Adherium Limited announced promising results from a clinical trial evaluating the use of Smartinhaler, its respiratory disease management tool, in children with poorly controlled asthma. Over 12 months, Smartinhaler use was seen to significantly reduce both hospital admissions and the need for oral steroids.
The study, “STAAR: a randomised controlled trial of electronic adherence monitoring with reminder alarms and feedback to improve clinical outcomes for children with asthma,” was published in the journal Thorax.
Smartinhaler is a platform that uses an electronic sensor technology, clipped to a patient’s inhaler, to record medication usage, communicate data via wireless transmission, and remind patients should they forget to take prescribed treatments.
In the STAAR clinical trial (NCT02451709), researchers at the Sheffield Children’s Hospital in the U.K. randomly assigned children with poorly controlled asthma (ages 6–16), taking inhaled corticosteroids (ICS) and long-acting β-agonists, into two groups to assess whether digital adherence monitoring could improve their outcomes.
In one group, 39 children were assigned to an active intervention, consisting of using Smartinhaler adherence monitoring, with medication reminders and feedback regarding their inhaled corticosteroid (ICS) use. In the other, 38 children were assigned to usual care with adherence monitoring alone. The trial’s primary endpoint was the Asthma Control Questionnaire (ACQ) score at 12 months. Secondary outcomes included adherence and markers of asthma morbidity.
Results revealed that adherence to prescribed medication averaged 70 percent in the intervention group of children, compared to 49 percent in the control group.

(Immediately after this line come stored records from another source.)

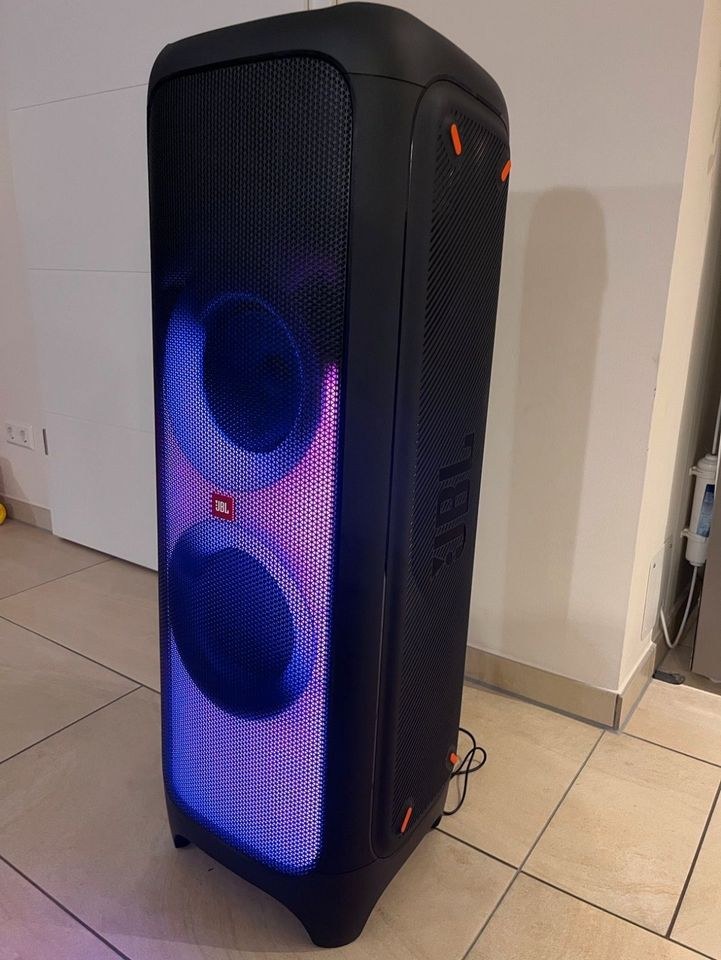 JBL Partybox 1000 mieten in Versmold – Party-Sound – 4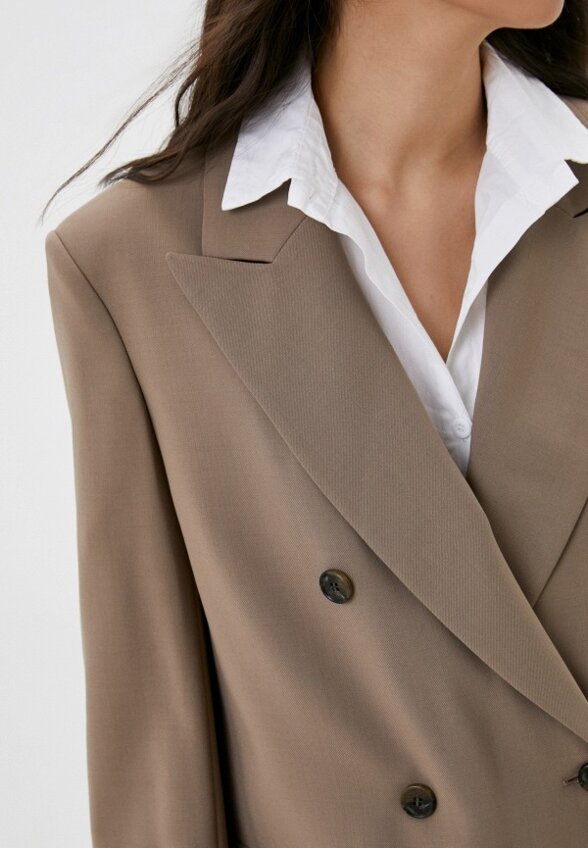 Пальто двубортное Charuel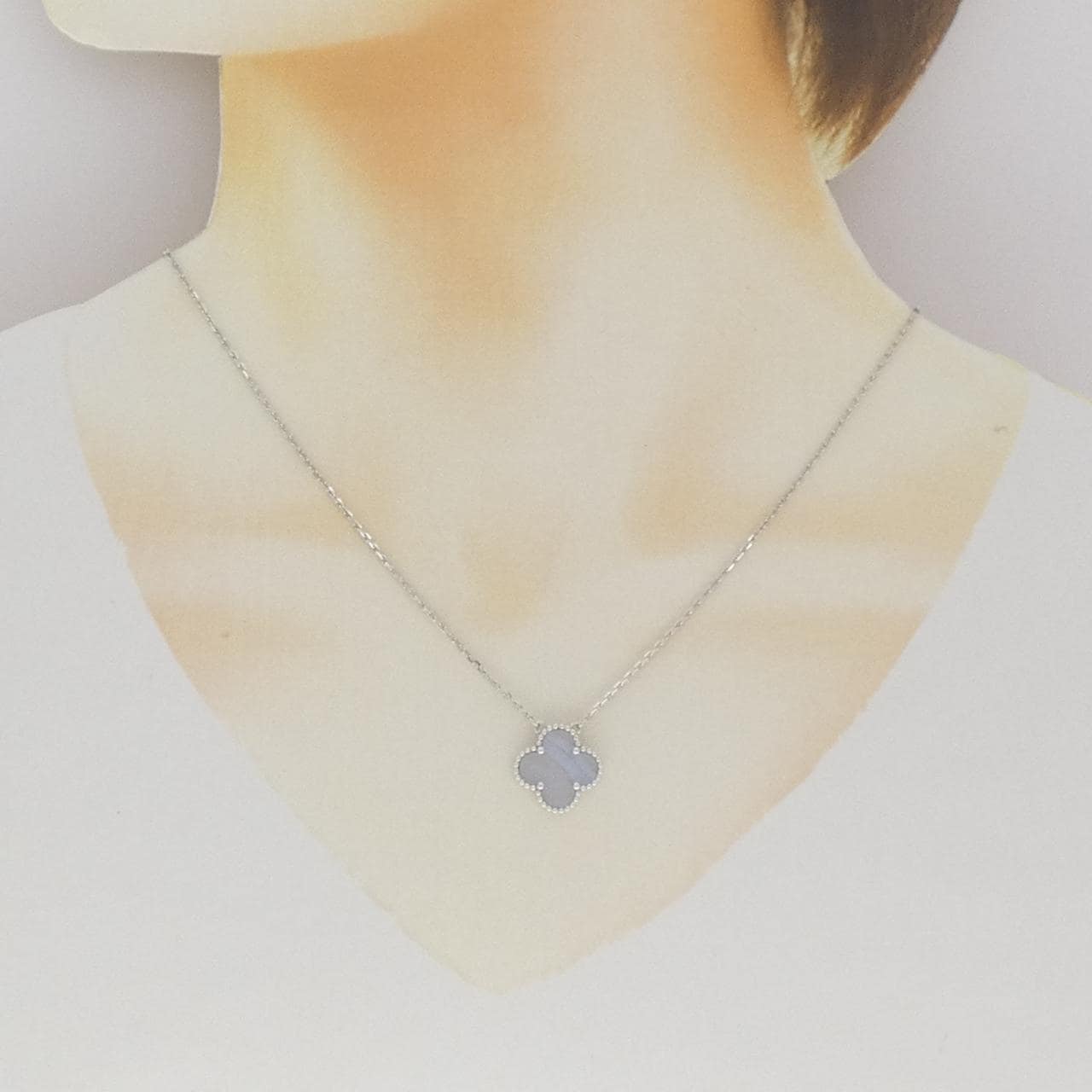 ヴァンクリーフ&アーペル ヴィンテージアルハンブラ ネックレス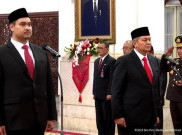Presiden Jokowi Resmi Lantik Dito Ariotedjo Jadi Menpora
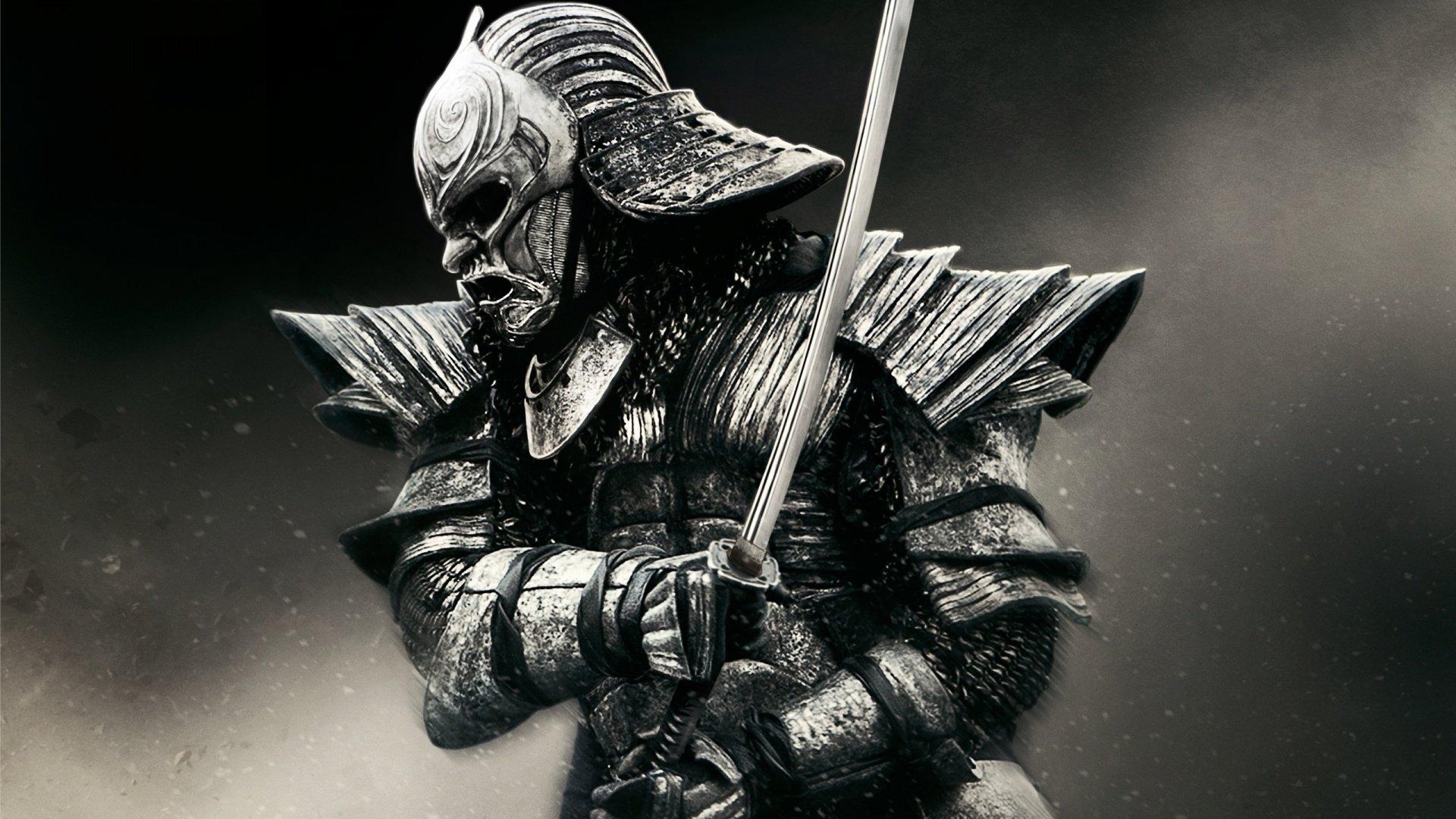 1920x1080 1920x mask, samurai, sword, warrior. Other, Desktop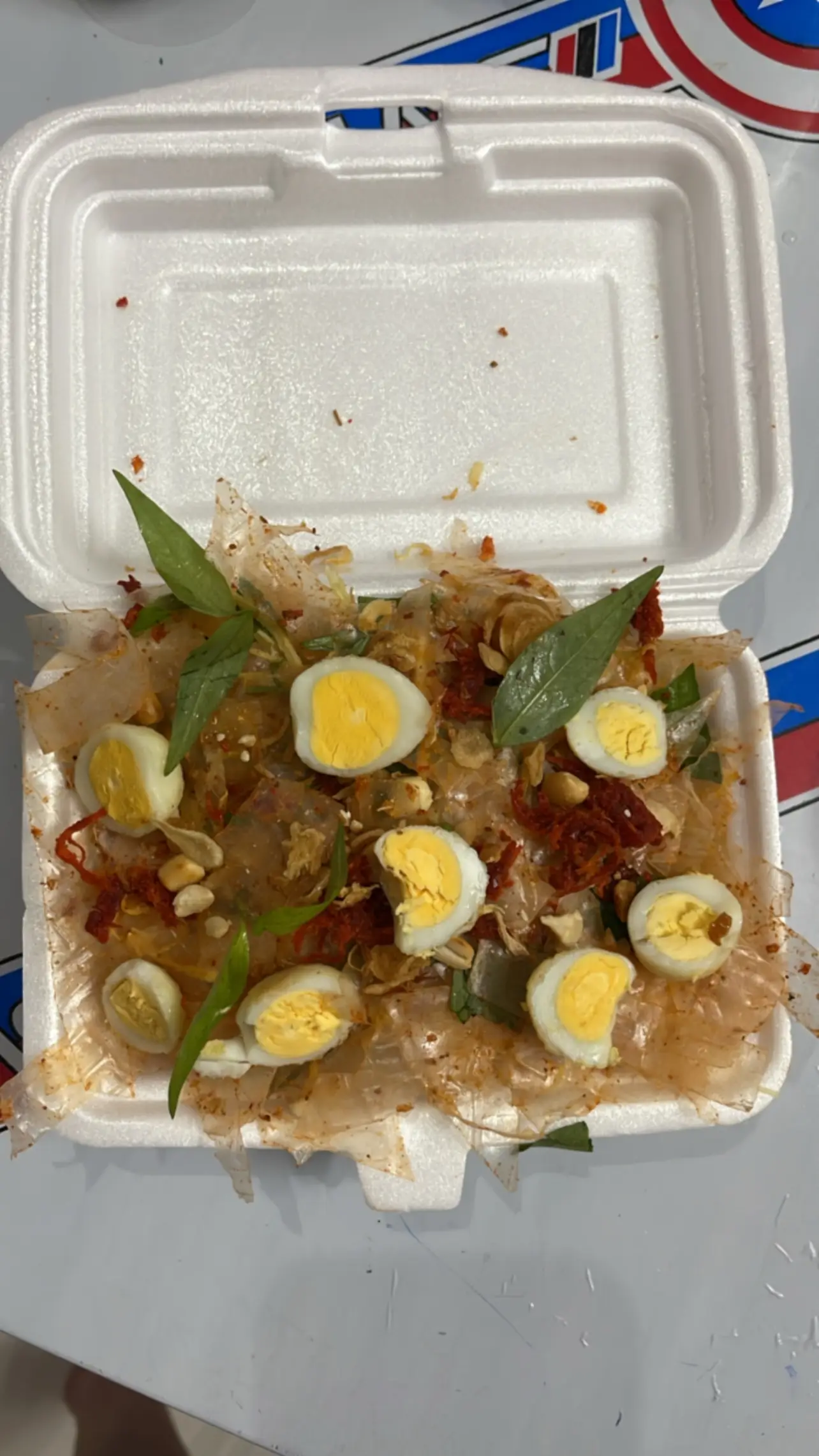 Hình ảnh Bánh tráng trộn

And, over the 12 months, almost 50 percent of the intervention children maintained average adherence rates of more than 80 percent.
Improvement in medication adherence was associated with significant reductions in asthma exacerbations — an asthma attack marked by coughing, wheezing and trouble breathing.
“This study provides good evidence that adherence monitoring with feedback can significantly improve clinical outcomes when used in the management of children with poorly controlled asthma,” said Dr. Robert Morton, the study’s lead investigator, in a press release. “The benefits of the intervention were sustained over a prolonged period of time, and we have shown that this approach can be effectively administered in a clinically practical way. We would recommend this approach to be integrated into the standard care of children with poorly controlled asthma.”
There was no significant differences in the change in ACQ scores between the two groups, results showed. But children in the intervention group required notably fewer courses of oral steroids (courses were 53% more common in control group), had fewer hospital admissions (hospitalization rates were five times higher in the control group), and they had fewer days off from school and emergency department visits than control group children.
“The impact of adherence monitoring on the health of patients is clear and we continue to work with our partners to make it accessible to all those who would benefit,” Garth Sutherland, CEO of Adherium, concluded.